Data below:
☆ ☆ ☆

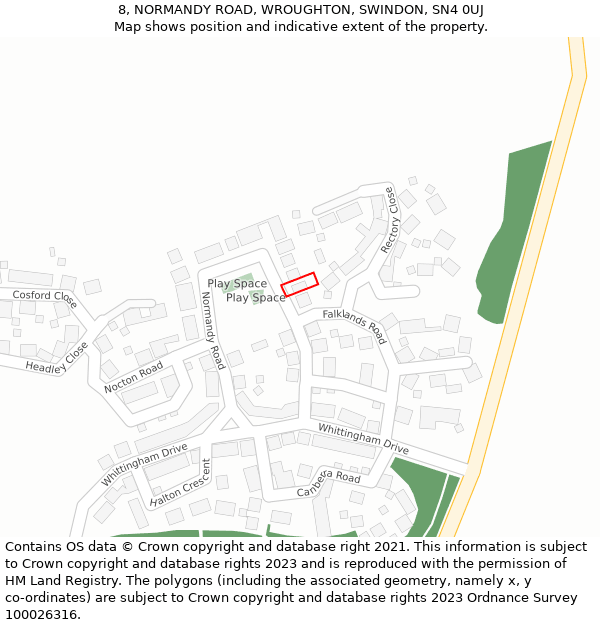8, NORMANDY ROAD, WROUGHTON, SWINDON, SN4 0UJ: Location map and indicative extent of plot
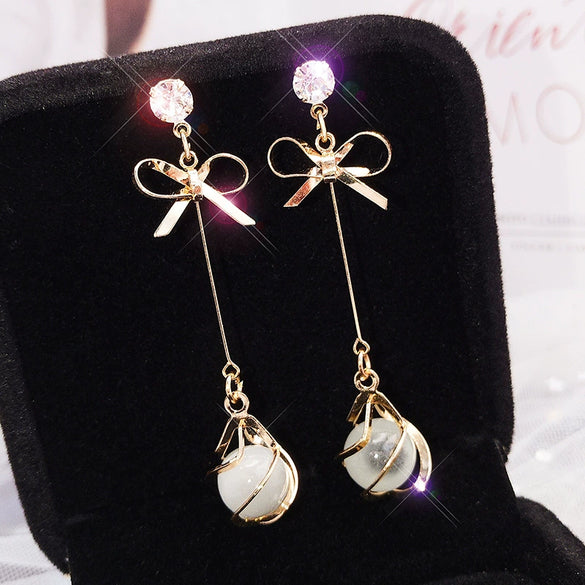 925 Silver Electroplated Geometric Cat's Eye Stone Bow Earrings For Women Wholesale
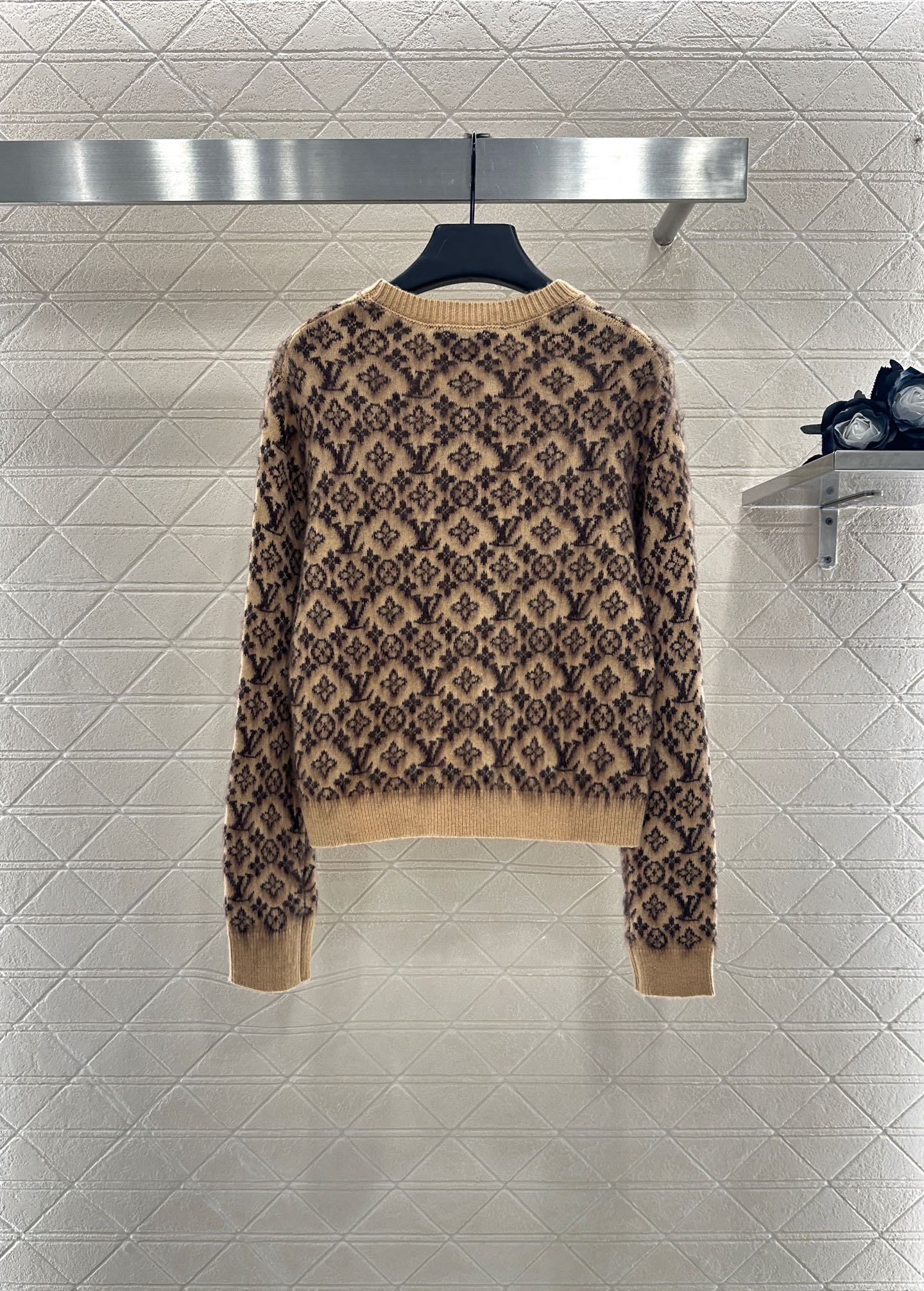 ♥Louis Vuitto*♥2025新品上架 圆领提花针织套头毛衣定制YB羊绒羊毛纱线织造 质感细腻 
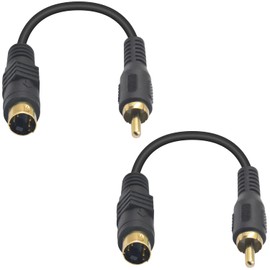 Maxhood 4pin S-Video to RCA Cable, 2Pack S Video to Composite Video Adapter Cable, Mini DIN 4 Pin S Video Male to RCA Male S-Video Cable for PC Computer Video AV Projector, 15cm/5.9inch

☆ ☆ ☆

Description of the task:
From the line containing "Vuitto*♥2025新品上架 圆领提花针织套头毛衣定制YB羊绒羊毛纱线织造 质感细腻" to the end of the listing, restate each line word for word and nothing more; the pictures stay out.

Solved problem:
 ♥Louis Vuitto*♥2025新品上架 圆领提花针织套头毛衣定制YB羊绒羊毛纱线织造 质感细腻 
 Maxhood 4pin S-Video to RCA Cable, 2Pack S Video to Composite Video Adapter Cable, Mini DIN 4 Pin S Video Male to RCA Male S-Video Cable for PC Computer Video AV Projector, 15cm/5.9inch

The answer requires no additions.